Data items:
==================================================

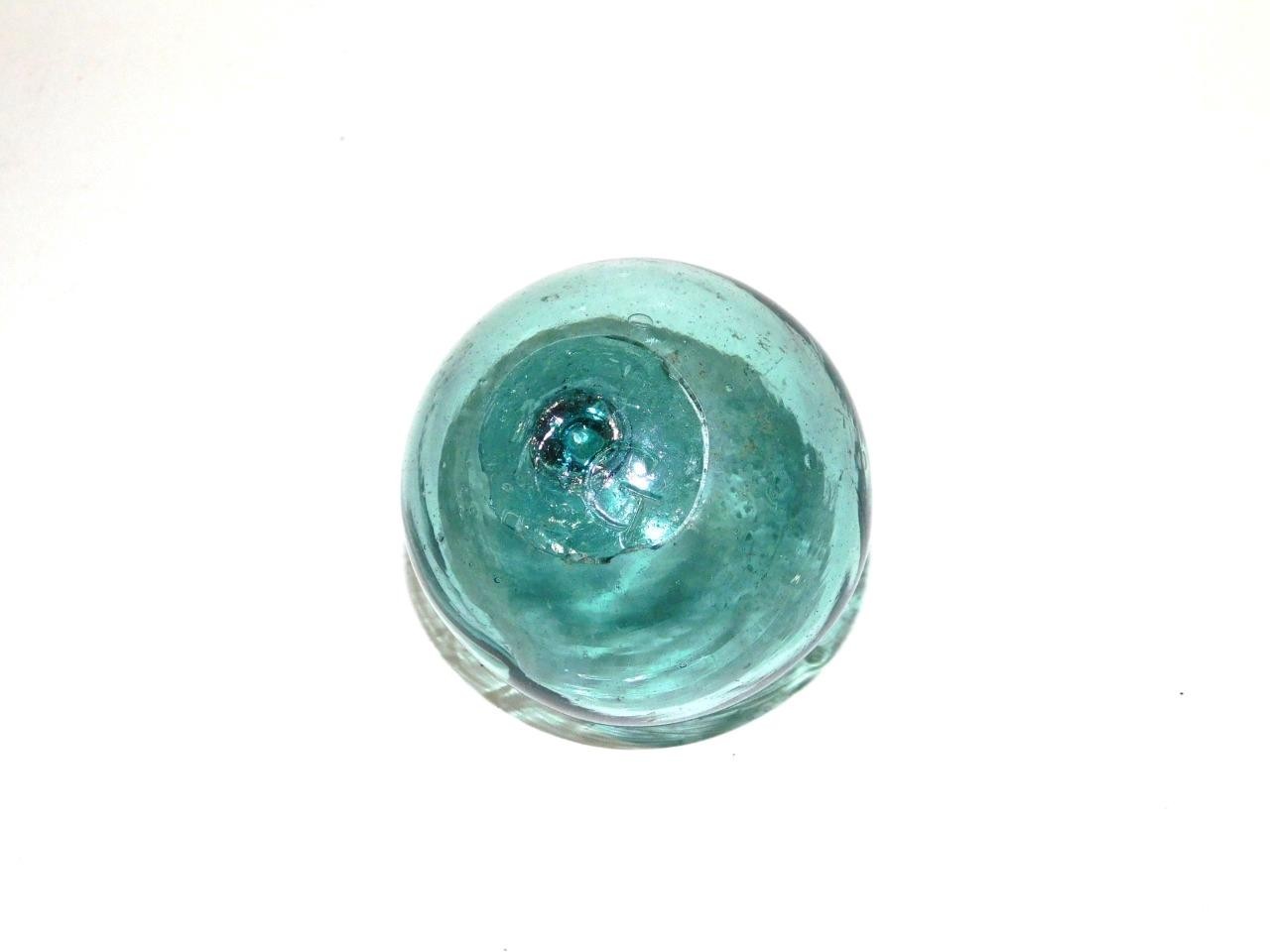 Vtg Glass Japanese Fish Float Swirl 3.5" G Makers Mark Alaska Found Fishing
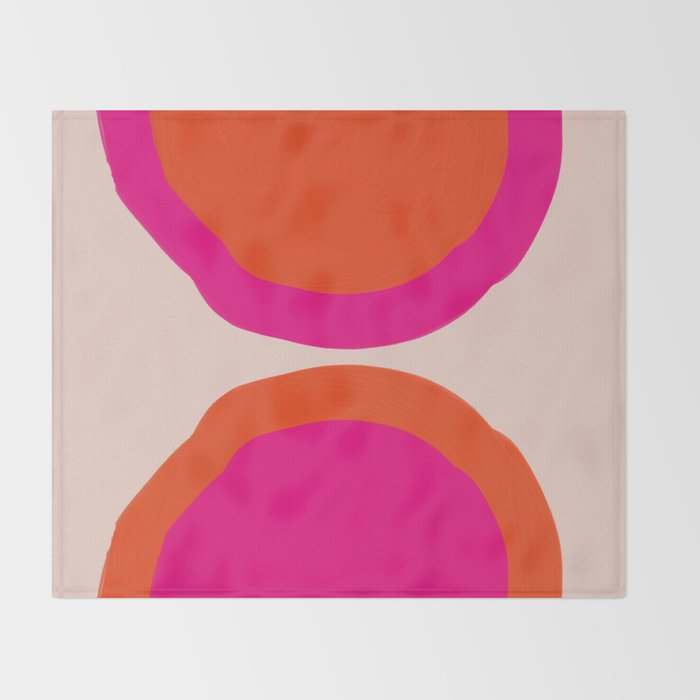 Curved Trajectories (Fuchsia Pink and Orange) Throw Blanket Gallery Image 2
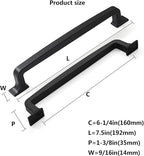 khtumeware 2 Pack 6-1/4 Inch Matte Black Cabinet Pulls, Kitchen Cabinet Hardware, Drawer Handles
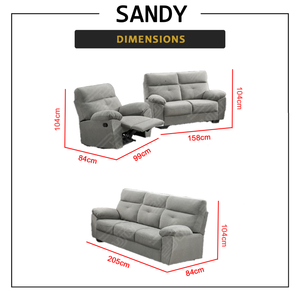 Sandy 1/2/3 Recliner Seater Sofa in 34 Colour - w/ PetFriendly Fabric/Leather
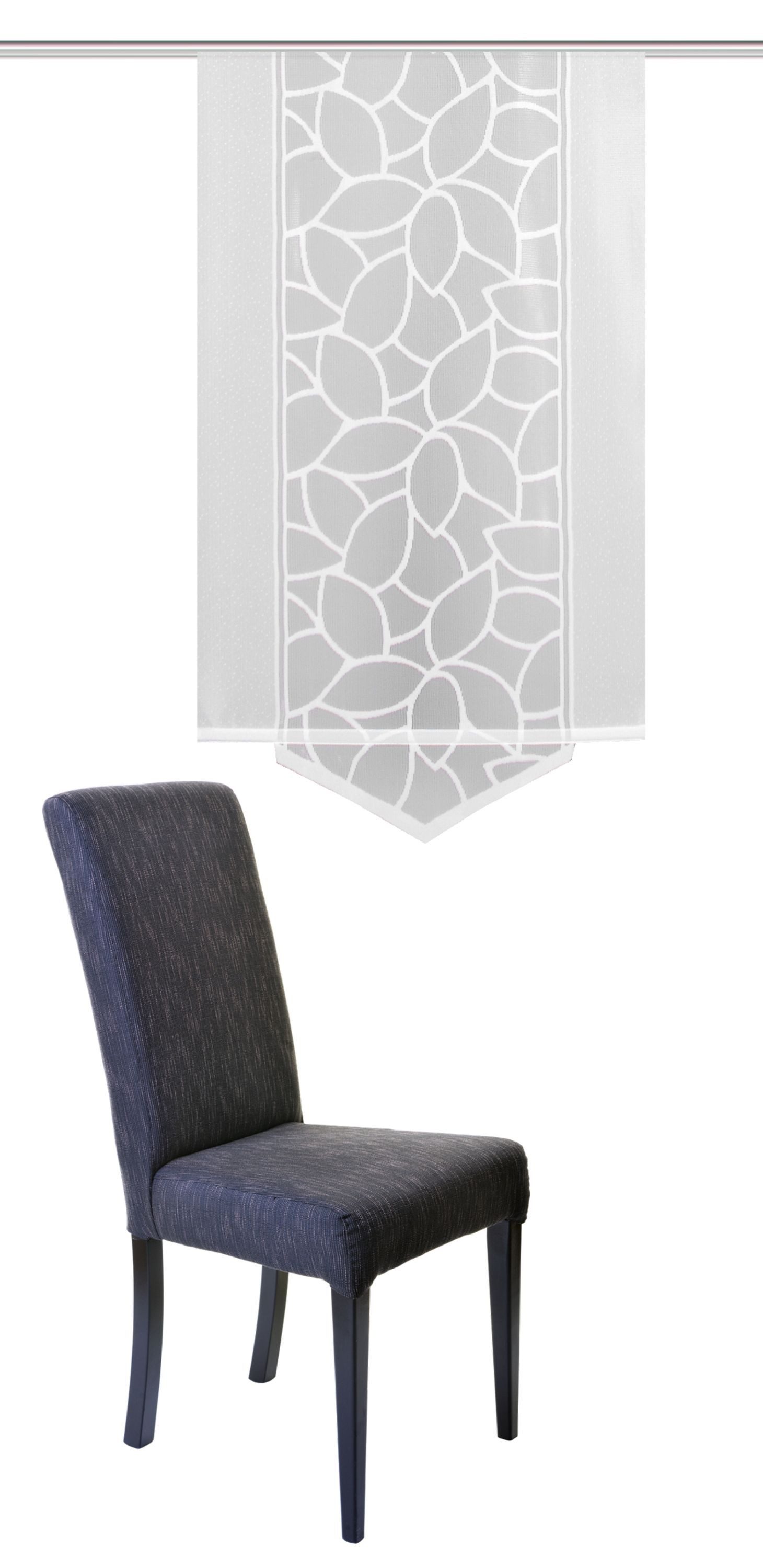 HOME WOHNIDEEN Schiebegardine Home Fashion Schiebevorhang, Polyester, Weiß, 125x57 cm, Paneelwagen, halbtransparent, 100% Polyester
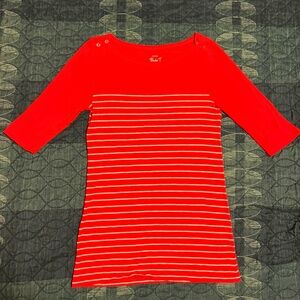J.Crew Women's 'Painter T' XSmall Orange Striped Shirt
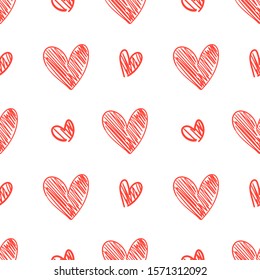 Draw seamless pattern background outline of red heart for Valentine's day white.Doodle cartoon style.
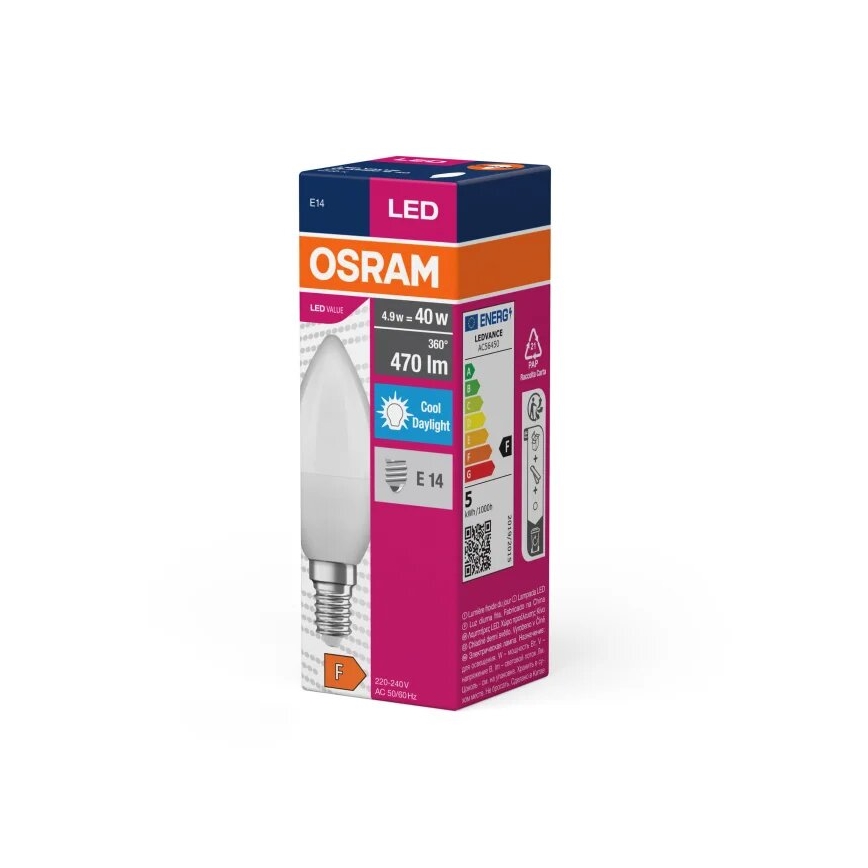 LED glödlampa VALUE B40 E14/4,9W/230V 6500K - Osram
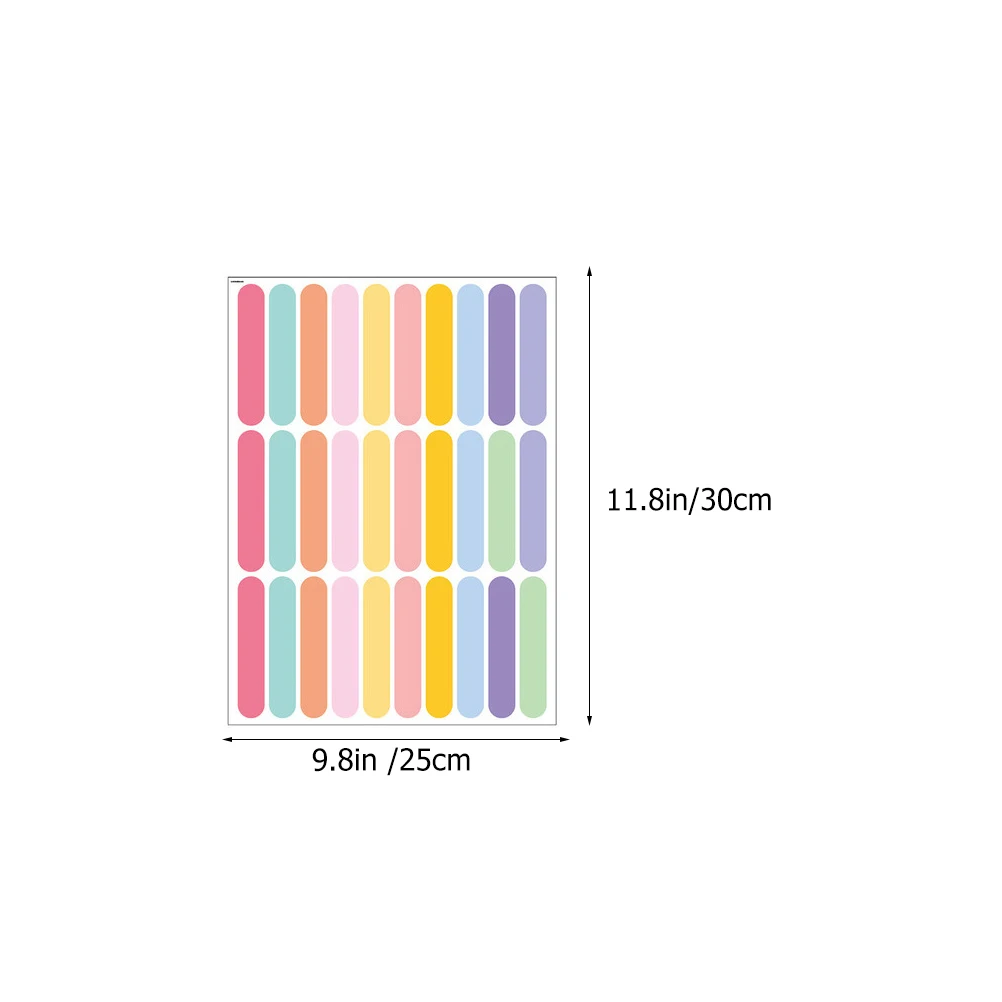 Kid Room Decor Color Stripes Wall Stickers Decals Adorable Pvc Decorative Baby Kids Bedroom DIY Removable Wall Decals 8 Sheets wall stickers,children room decoration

==================================================

## TASK TO COMPLETE
With the pictures left out, give again exactly the lines from the one with "Draw seamless pattern" through the end of the data, both included.

## FINAL ANSWER
 Draw seamless pattern background outline of red heart for Valentine's day white.Doodle cartoon style.
 LED glödlampa VALUE B40 E14/4,9W/230V 6500K - Osram
 Kid Room Decor Color Stripes Wall Stickers Decals Adorable Pvc Decorative Baby Kids Bedroom DIY Removable Wall Decals 8 Sheets wall stickers,children room decoration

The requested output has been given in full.